- Theatrical release poster
- Directed by: Fardin Saheb-Zamani
- Written by: Fardin Saheb-Zamani, Payam Yazdani
- Produced by: Manijeh Hekmat
- Starring: Ali Mosaffa Leila Hatami Mahtab Keramati
- Cinematography: Hooman Behmanesh
- Edited by: Fardin Saheb-Zamani
- Music by: Amir Ali Vadjed Samiei
- Production company: Documentary & Experimental Film Center
- Distributed by: Iranian Independents
- Release date: July 6, 2010 (Karlovy Vary Film Festival);
- Running time: 92 minutes
- Country: Iran
- Language: Persian

= There Are Things You Don't Know =

There Are Things You Don't Know is a 2010 film starring Ali Mosaffa, Leila Hatami, and Mahtab Keramati. The movie was directed by Fardin Saheb-Zamani, and the screenplay was written by Fardin Saheb-Zamani and Payam Yazdani.

==Plot==
The film tells the story of a reclusive taxi driver in Tehran in the days leading up to an earthquake. He has chosen to distance himself from society and to be passive so as not to be hurt.
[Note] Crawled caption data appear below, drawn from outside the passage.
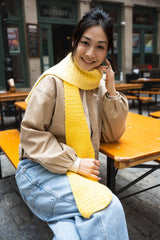 smiling woman wearing yellow gradient crochet scarf thumbnail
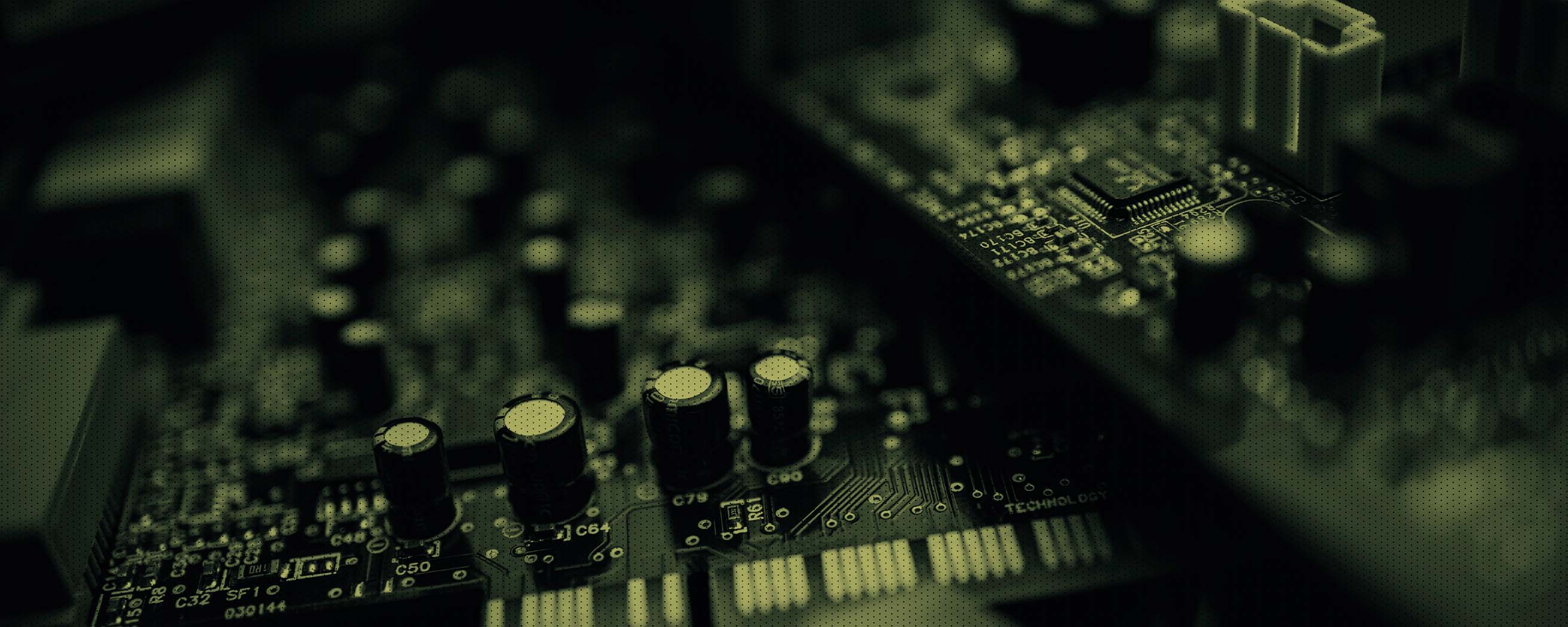 A close-up view of an electronic circuit board featuring capacitors, microchips, and intricate pathways, highlighting advanced technology and hardware design.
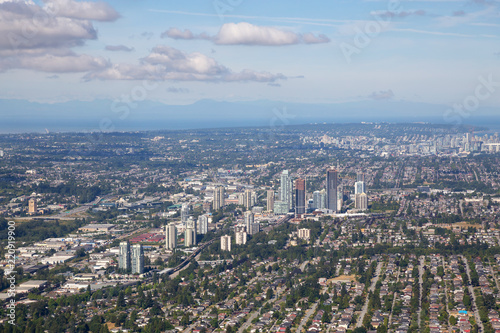 Aerial view of Brentwood Centre with Downtown City in the Background.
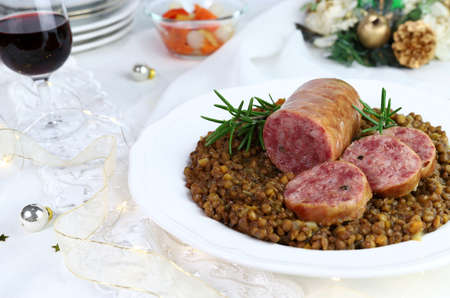 Cotechino with lentils served on a plate. Christmas decorations. Italian food.の写真素材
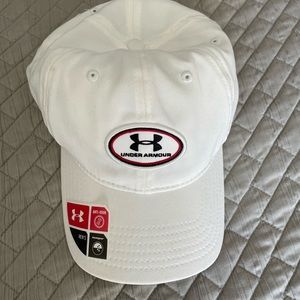 Under Amour  NWT men’s white hat. L Adjustable. Small dirt spot (see pictures)
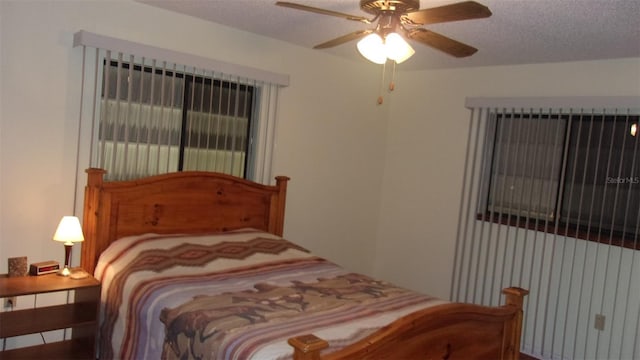 bedroom with ceiling fan and a textured ceiling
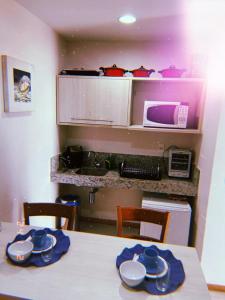 a kitchen with a table with blue plates and a microwave at Hotel Porto Marina Rede Mont Blanc in Mangaratiba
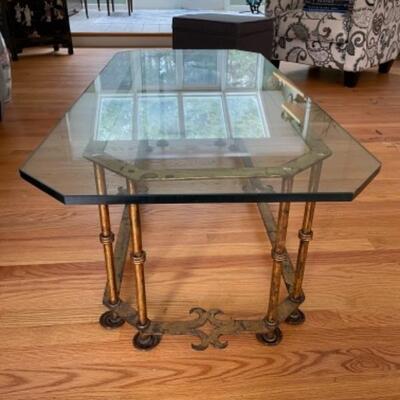 Glass coffee table on brass frame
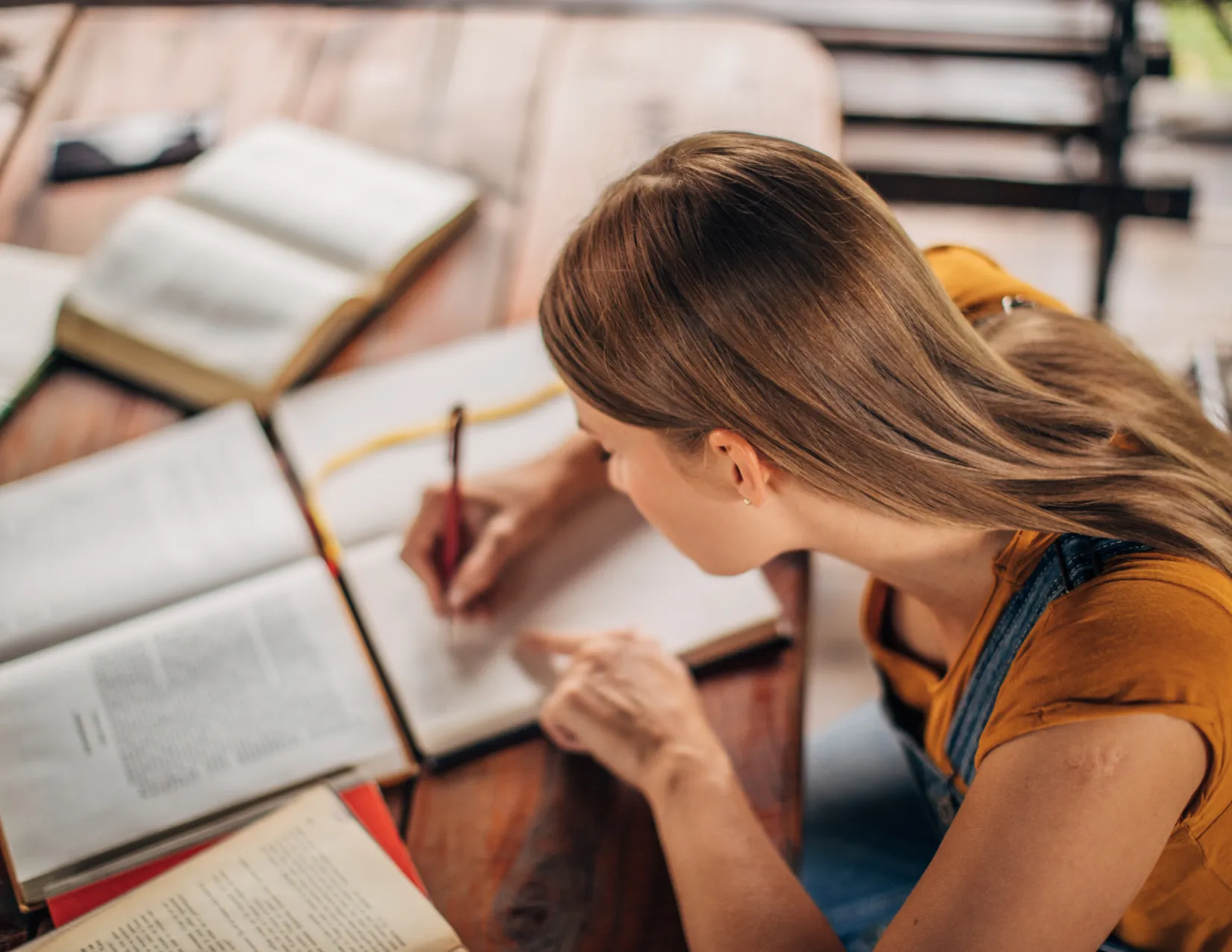Vrouw die aan het studeren is met schriften en een pen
Finally one of his passengers gives him enough motivation to act and bring about a change in his life.

==Cast==
Ali Mosaffa

Leila Hatami

Mahtab Keramati

Mona Mostofi

Nasim Amir Khosro

Mehdi Agahi

Siamak Adib, Mohamad Nazimi Arani, Mostafa Sasani, Soren Menatsakian, Vahid Hasanzadeh, Farnaz Rahnema, Mohamad Rabbanipour, Mehdi Bajestani, Payam Yazdani, Mhdieh Mir Habibi, Maral Irandoost, Hesam Nourani, Effat Rasoulinejad, Mitra Moradi, Karina Nazarava

==Awards==
- Special Jury Mention, Karlovy Vary International Film Festival, 2010.